Droughts in parts of West Michigan put large swaths of land at an increased risk of wildfire.
Despite storms rolling through much of Michigan’s Lower Peninsula over the weekend, some parts of the state are abnormally dry for this time of year.
“There was actually a severe drought north of Kalamazoo, up to Grand Rapids, and then towards the Saginaw Bay area. . . We haven’t seen these conditions in quite a while,” said Paul Rogers, fire prevention specialist with the Michigan Department of Natural Resources (DNR).
The eastern Upper Peninsula and northern Lower Peninsula - areas that are expected to be moist around this time of year - are both areas of concern.
Much of the state received at least 0.5 to 1 inch of rain in the past few days. This left grasses, pine needles, dead leaves, and other “fine fuels” damp, temporarily mitigating fire risk.
“It significantly will help set back fires in those fuels. But again, they’re considered ‘one-hours,’ and given the right wind, and the right humidity, and the right temperature, within one hour, those fuels can dry out and start burning again,” Rogers said.
Prescribed burns and heat-tolerant plants
The Michigan DNR occasionally conducts prescribed fires to cut back on invasive species and help some plants release nutrients. The controlled burns also stimulate serotinous plants, or plants that require an external trigger to release their seed.

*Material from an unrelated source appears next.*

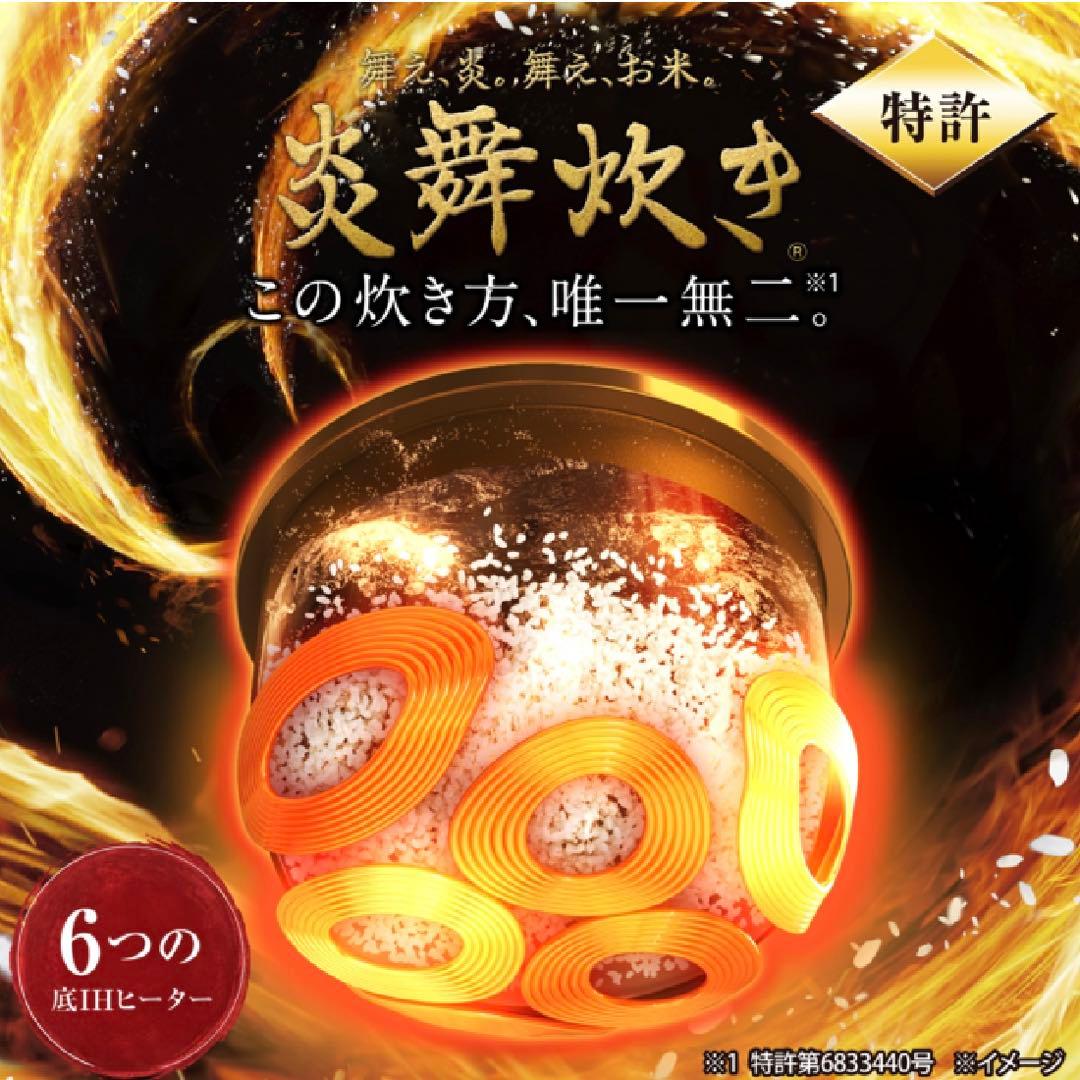 【新品未開封】象印 炎舞炊き 圧力IH炊飯ジャー 5.5合 NX-AA10-WZ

“Many, many Michigan plants, especially in Southern Michigan, are what we call fire-adapted ecosystems from hundreds of years ago,” Rogers said.
The coniferous jack pines that can be found up north, for example, need to experience a certain amount of heat to open and release seeds.

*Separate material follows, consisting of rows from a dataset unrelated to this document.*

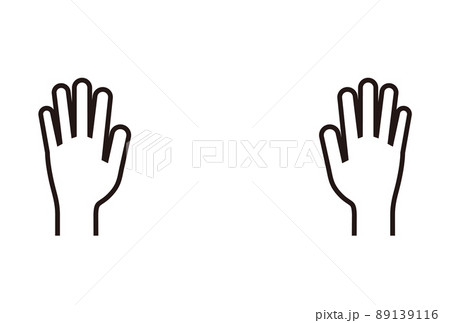 シンプルな線で描いた人の両手 手をつく 手を挙げる バンザイのイメージ素材のイラスト素材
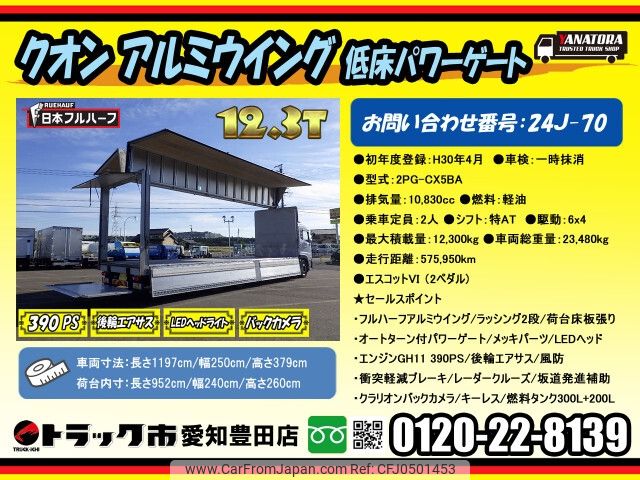 nissan diesel-ud-quon 2018 -NISSAN--Quon 2PG-CX5BA--JNCMB02D0JU031460---NISSAN--Quon 2PG-CX5BA--JNCMB02D0JU031460- image 2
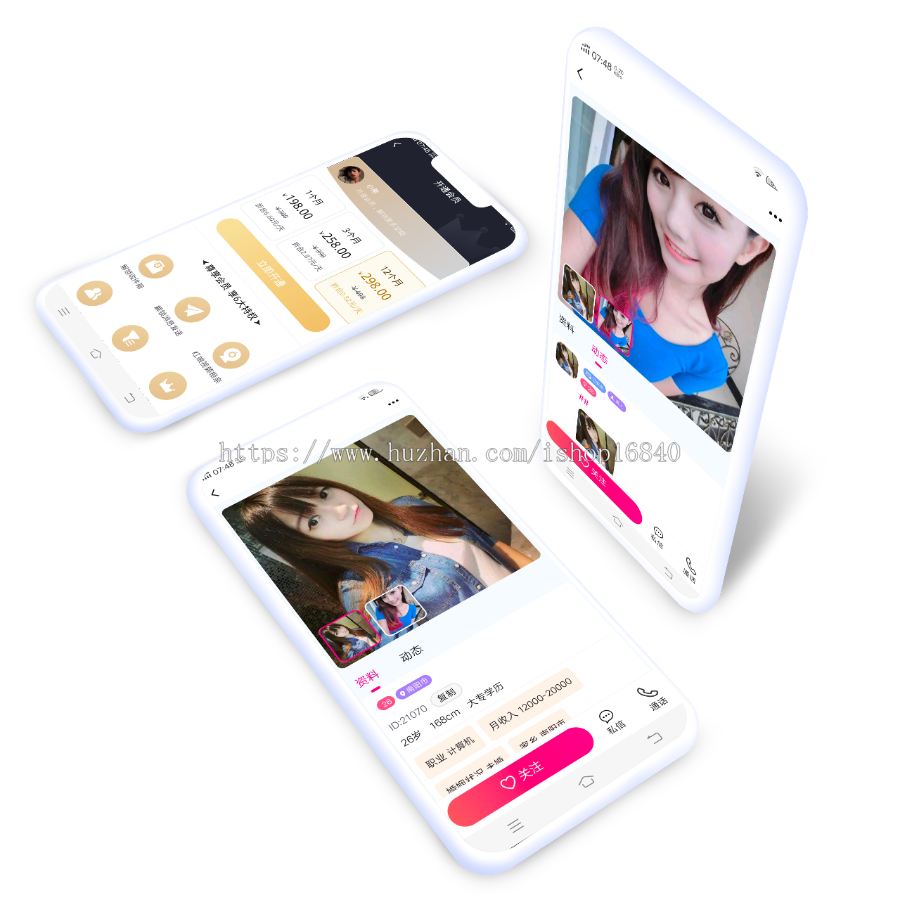 伊对交友APP系统源码相亲房平台搭建3人/7人/多人聊天室专属收费房间红娘同城婚恋匹配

“It’s part of the natural process where a fire will come through, and even though it looks devastated, it actually has released all the seeds back into the natural seed bank.”
According to Rogers, the vast majority of Michigan’s forest fires are human-caused. Among those, the majority are a result of the burning of yard waste. Rogers urges Michiganders to abide by the following safety guidelines when starting debris burn or bonfires:
- Keep fires contained in a metal or concrete ring.
- Have water nearby. If burning remotely, keep a five-gallon bucket near the fire. If burning near a cabin or home, keep a hose nearby and ensure that it works.
- Have a shovel or rake on hand to stamp out or throw dirt on the fire if needed.
Rogers also offers guidelines for those who plan to launch holiday fireworks:
- Keep the launch site damp.
- Launch in an open space where the grass isn’t very long.
- Watch fireworks once they launch to make sure they don’t land in a dry area.
- At the end of the night, walk through the area to check for fireworks that may still be lit.
Those vacationing up north this summer should also check local policies regarding burning. Some municipalities in high-risk areas do not allow debris burns due to high population density. The Michigan DNR website offers information regarding burn permits, as well as daily burn safety level updates based on weather conditions.